* [What you should do]: Your copy of the listing must be exact and must hold no images.

* [Available data]:
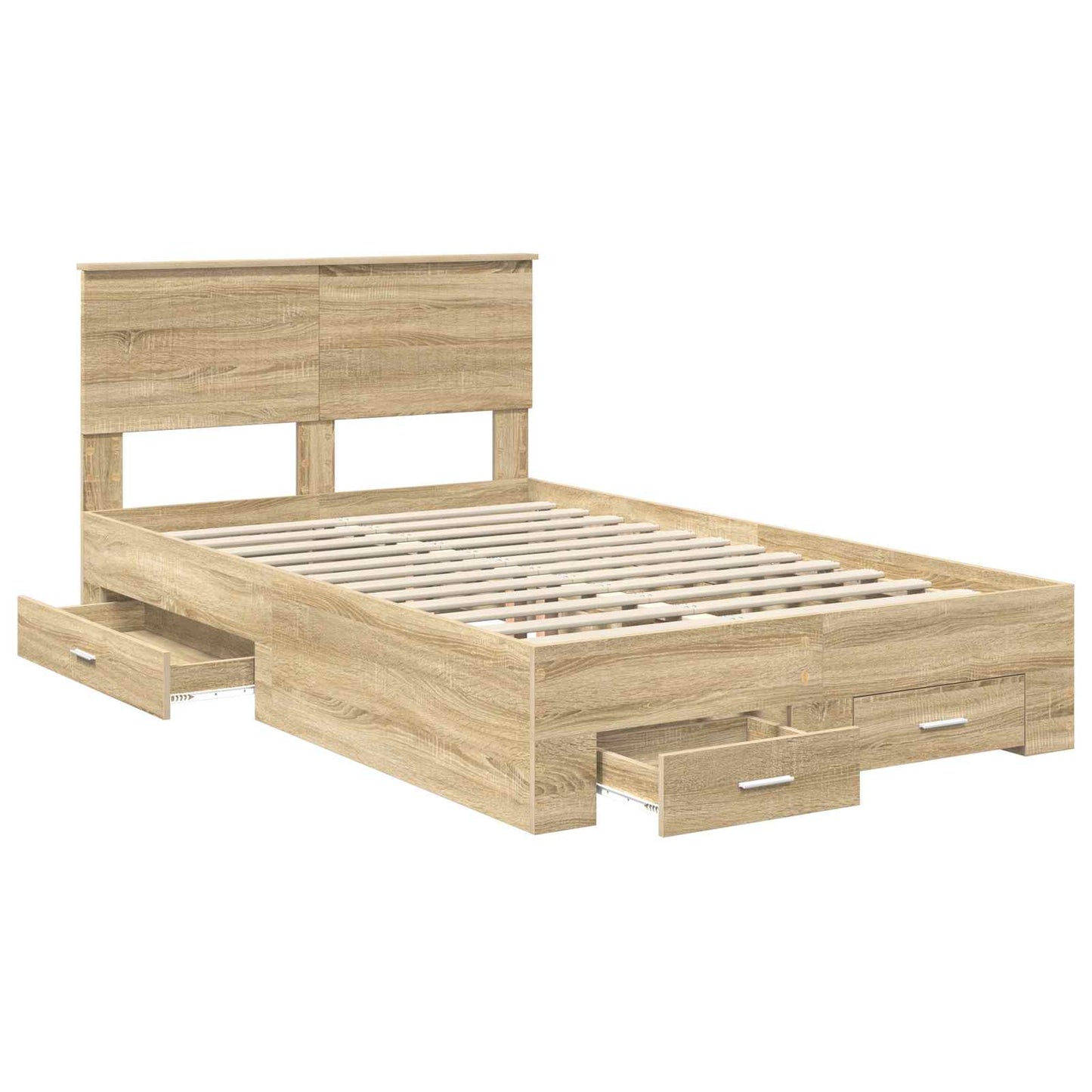 vidaXL Σκελετός Κρεβατιού Δρύς Sonoma 120 x 200 cm Επεξεργασμένο ξύλο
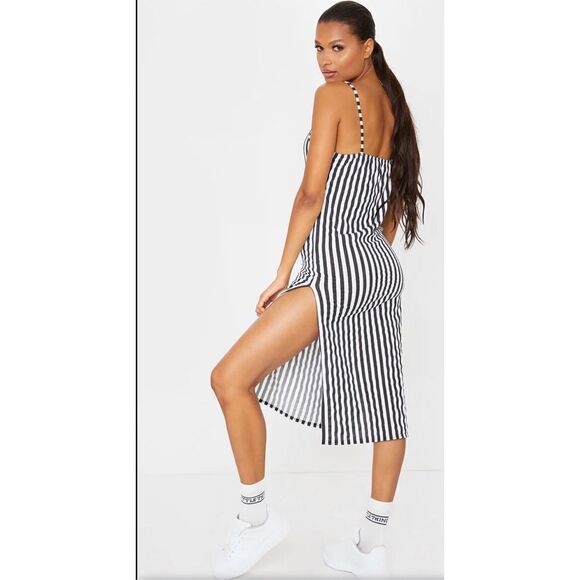 Prettylittlething Black Stripe Jersey Split Cami Midi Dress size 10 - Picture 4 of 15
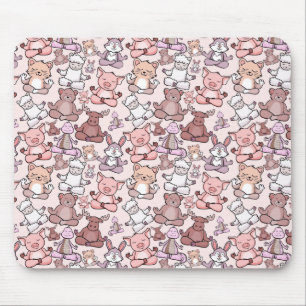 Mousepad Padrão de poses de ioga   Padrão sem costura de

* [Solution to this task]:
 vidaXL Σκελετός Κρεβατιού Δρύς Sonoma 120 x 200 cm Επεξεργασμένο ξύλο
 Prettylittlething Black Stripe Jersey Split Cami Midi Dress size 10 - Picture 4 of 15
 Mousepad Padrão de poses de ioga   Padrão sem costura de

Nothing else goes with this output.